Three of Affliction #3 (Devarim-Hazon)
This is the final of the Three [Haftarot] of Affliction (Aramaic: תלת דפורענותא), describing the destruction of Judah, Jerusalem, and the First Temple in 586 BCE. They are recited on consecutive Shabbatot of the “Three Weeks”, between the fasts of the 17th of Tammuz and Tisha B’Av. Ashkenazi communities chant this Haftarah with the traditional, mournful melody of Eichah because Tisha B’Av occurs during the week following its recitation, and due to its content, including the word “אֵיכָה֙” in verse 21.
Three of Affliction #3 (Devarim-Hazon): Isaiah 1:1-27
The book of Isaiah’s opening prophecy presents his “Hazon”, or vision for society in God’s Land. Centered on the Temple in Jerusalem, God’s people exist to embody His righteousness and His sanctity -in that order- for humanity. Divine mercy gives them time to achieve God’s goal but failure will eventually cause Divine justice to destroy them, exiling survivors until they repent to deserve redemption. Divine justice permitted the Assyrian king, Sennacherib, to destroy and exile the unjust, idolatrous Northern Kingdom, ca. 720 BCE. The Haftarah’s unflinching portrait of a destroyed Judah alongside an unconquered Jerusalem matches the aftermath of Sennacherib’s failed siege of Jerusalem decades later, ca. 701 BCE; Divine justice continues on its path.

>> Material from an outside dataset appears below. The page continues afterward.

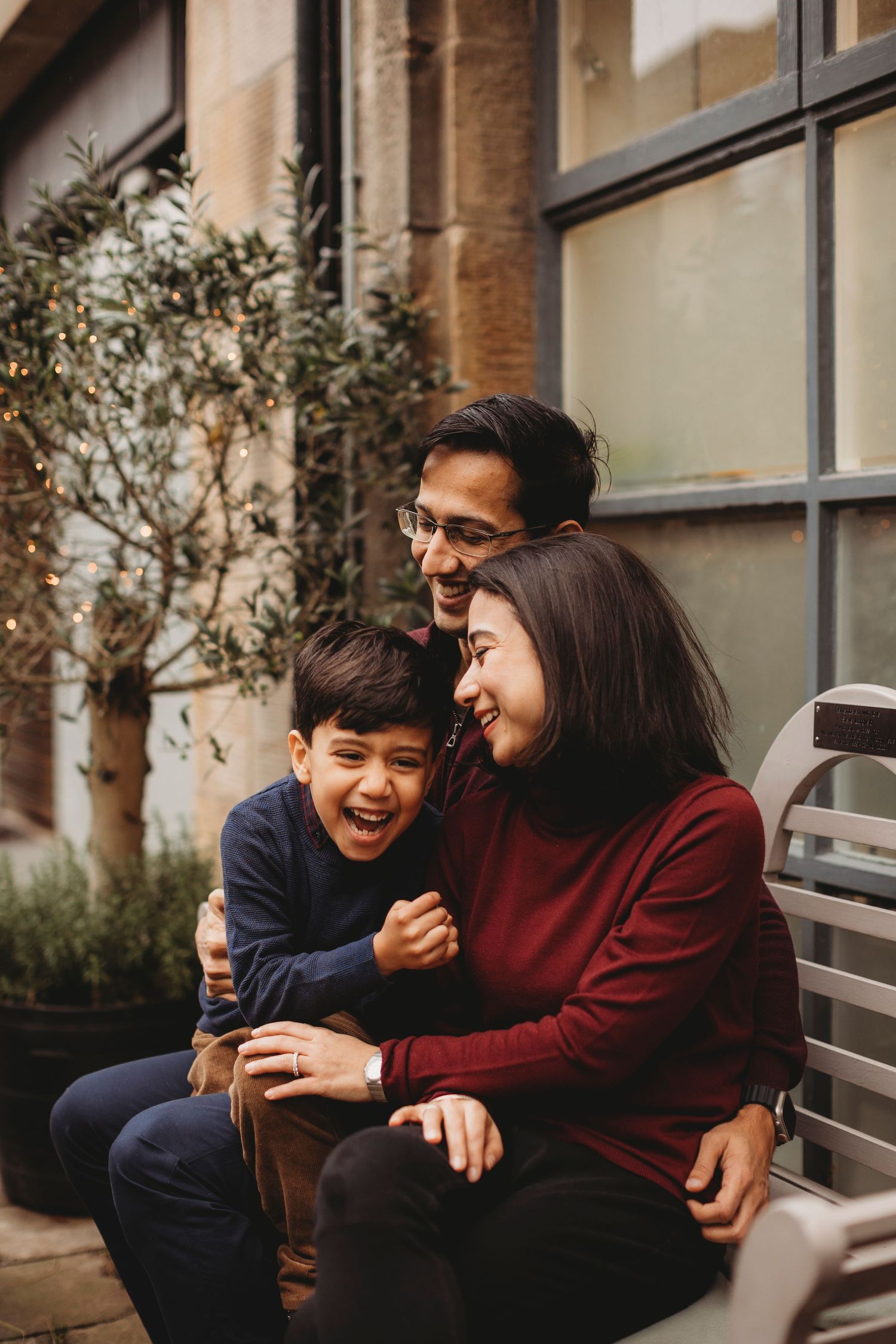 A heartwarming moment of shared laughter and joy on an outdoor bench.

Isaiah laments that God’s vision is unfulfilled and witheringly condemns Judah’s failures. It does not recognize God as its master and sustainer. The resulting greed creates economic and political corruption and even murder. These create further injustice, as the powerful neglect the vulnerable. Not grasping that societal righteousness, like ritual purity, must precede the pursuit of Divine sanctity at the Temple, the people worship God there, but God is repulsed. Judah must reverse its injustices so that Jerusalem can again be a “City of Righteousness”, and Northern Kingdom exiles can return. Failing this, Jerusalem’s destruction is inevitable.
Verse 1:1: Isaiah prophesied from the end of Uzziah’s reign (ca. 750 BCE) to the reign of Hezekiah (ca. 687 BCE).
The vision of Isaiah, son of Amoz, which he envisioned concerning Judah and Jerusalem in the days of Uzziah, Jotham, Ahaz, [and] Hezekiah, kings of Judah.
חֲזוֹן֙ יְשַֽׁעְיָ֣הוּ בֶן־אָמ֔וֹץ אֲשֶׁ֣ר חָזָ֔ה עַל־יְהוּדָ֖ה וִירוּשָׁלִָ֑ם בִּימֵ֨י עֻזִּיָּ֧הוּ יוֹתָ֛ם אָחָ֥ז יְחִזְקִיָּ֖הוּ מַלְכֵ֥י יְהוּדָֽה׃
Verses 1:2-4: Calling on heaven and earth as witnesses, God exclaims that He reared generations of Judeans. More ignorant than animals, they deny the Master who sustains them, acting evilly and sinning against His sanctity.
An ox knows its owner and a donkey, its master's [feeding] trough. [Yet] Israel does not know, My people do not consider.
יָדַ֥ע שׁוֹר֙ קֹנֵ֔הוּ וַחֲמ֖וֹר אֵב֣וּס בְּעָלָ֑יו יִשְׂרָאֵל֙ לֹ֣א יָדַ֔ע עַמִּ֖י לֹ֥א הִתְבּוֹנָֽן׃
Verses 1:5-9: Like Sodom and Gomorrah, God has punished Judah for its sins, leaving it beaten, bloody, and ragged. Judah watches as foreigners destroy and consume its land. Only God’s mercy spared Jerusalem.
Had not the Lord of Hosts left us a small remnant, we would have been like Sodom; we would resemble Gomorrah.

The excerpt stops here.